3.87MB [00:00, 8.92MB/s]

  Download complete.





## Tokenizing

In [29]:
words = []

with open(corpus_path, "r") as file:
    for line in file:
        words.extend(nltk.tokenize.word_tokenize(line.lower()))

print(words[:100])

['the', 'complete', 'sherlock', 'holmes', 'arthur', 'conan', 'doyle', 'table', 'of', 'contents', 'a', 'study', 'in', 'scarlet', 'the', 'sign', 'of', 'the', 'four', 'the', 'adventures', 'of', 'sherlock', 'holmes', 'a', 'scandal', 'in', 'bohemia', 'the', 'red-headed', 'league', 'a', 'case', 'of', 'identity', 'the', 'boscombe', 'valley', 'mystery', 'the', 'five', 'orange', 'pips', 'the', 'man', 'with', 'the', 'twisted', 'lip', 'the', 'adventure', 'of', 'the', 'blue', 'carbuncle', 'the', 'adventure', 'of', 'the', 'speckled', 'band', 'the', 'adventure', 'of', 'the', 'engineer', "'s", 'thumb', 'the', 'adventure', 'of', 'the', 'noble', 'bachelor', 'the', 'adventure', 'of', 'the', 'beryl', 'coronet', 'the', 'adventure', 'of', 'the', 'copper', 'beeches', 'the', 'memoirs', 'of', 'sherlock', 'holmes', 'silver', 'blaze', 'the', 'yellow', 'face', 'the', 'stock-broker', "'s", 'clerk']


# Creating Markov chain from scratch

In [30]:
TState = TypeVar("TState")

@dataclasses.dataclass
class MarkovChain(Generic[TState]):
    _states: Dict[TState, Dict[TState, float]] = dataclasses.field(default_factory=dict)

    def insert_state(self, state: TState) -> None:
        if state not in self._states:
            self._states[state] = {}
    
    def states(self) -> Collection[TState]:
        return self._states.keys()
    
    def insert_transition(self, source: TState, destination: TState, initial: float) -> None:
        assert source in self._states
        assert destination in self._states

        if destination not in self._states[source]:
            self._states[source][destination] = initial

    def update_transition_weight(self, source: TState, destination: TState, updater: Callable[[float], float]) -> None:
        assert source in self._states
        assert destination in self._states
        assert destination in self._states[source]

        self._states[source][destination] = updater(self._states[source][destination])
    
    def get_transition_weight(self, source: TState, destination: TState) -> float:
        assert source in self._states
        assert destination in self._states
        assert destination in self._states[source]
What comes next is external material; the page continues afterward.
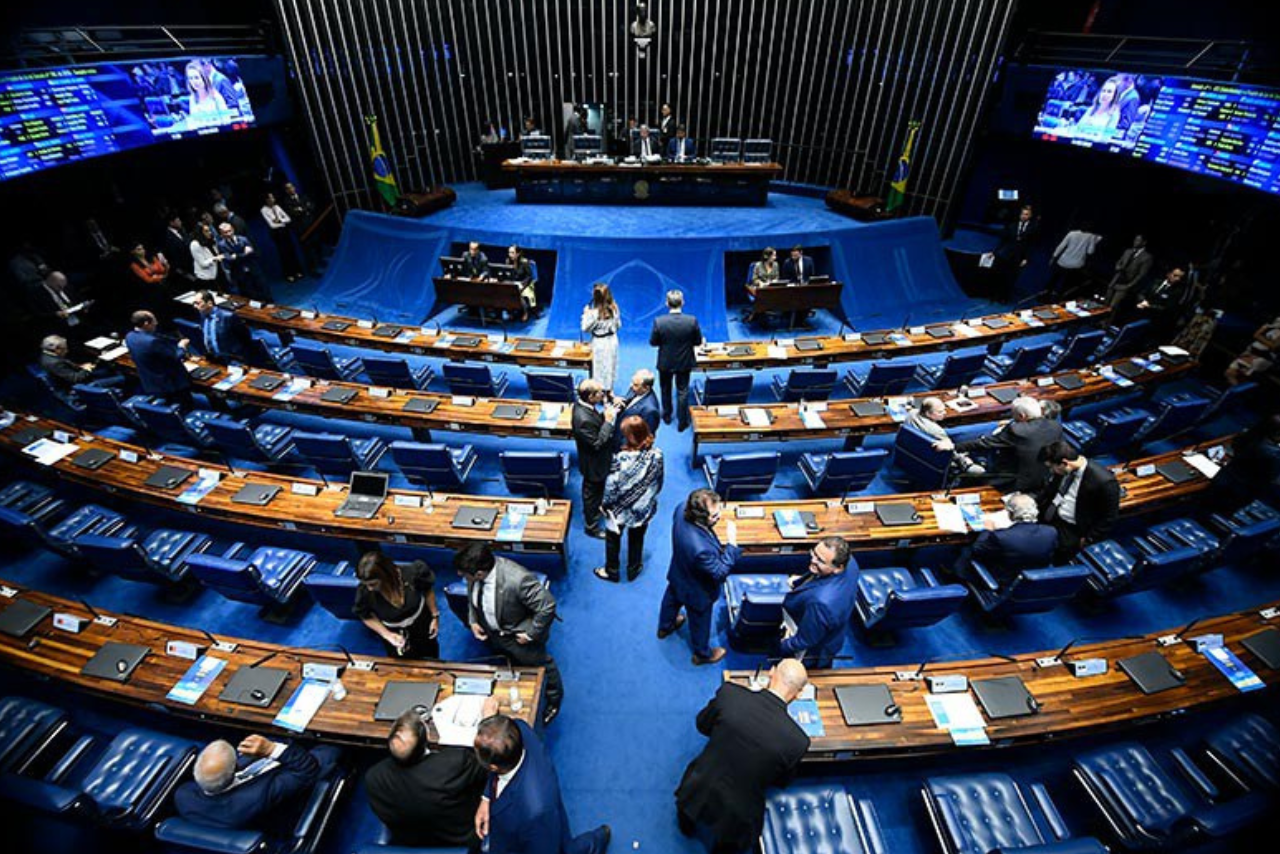 Mais deputados em jogo: em semana lenta, Senado se prepara para votação que pode mudar a política nacional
        return self._states[source][destination]

    def get_state_transitions(self, source: TState) -> Collection[TState]:
        assert source in self._states

        return self._states[source].keys()

    def sum_state_transition_weights(self, source: TState) -> float:
        assert source in self._states

        return sum(self._states[source].values())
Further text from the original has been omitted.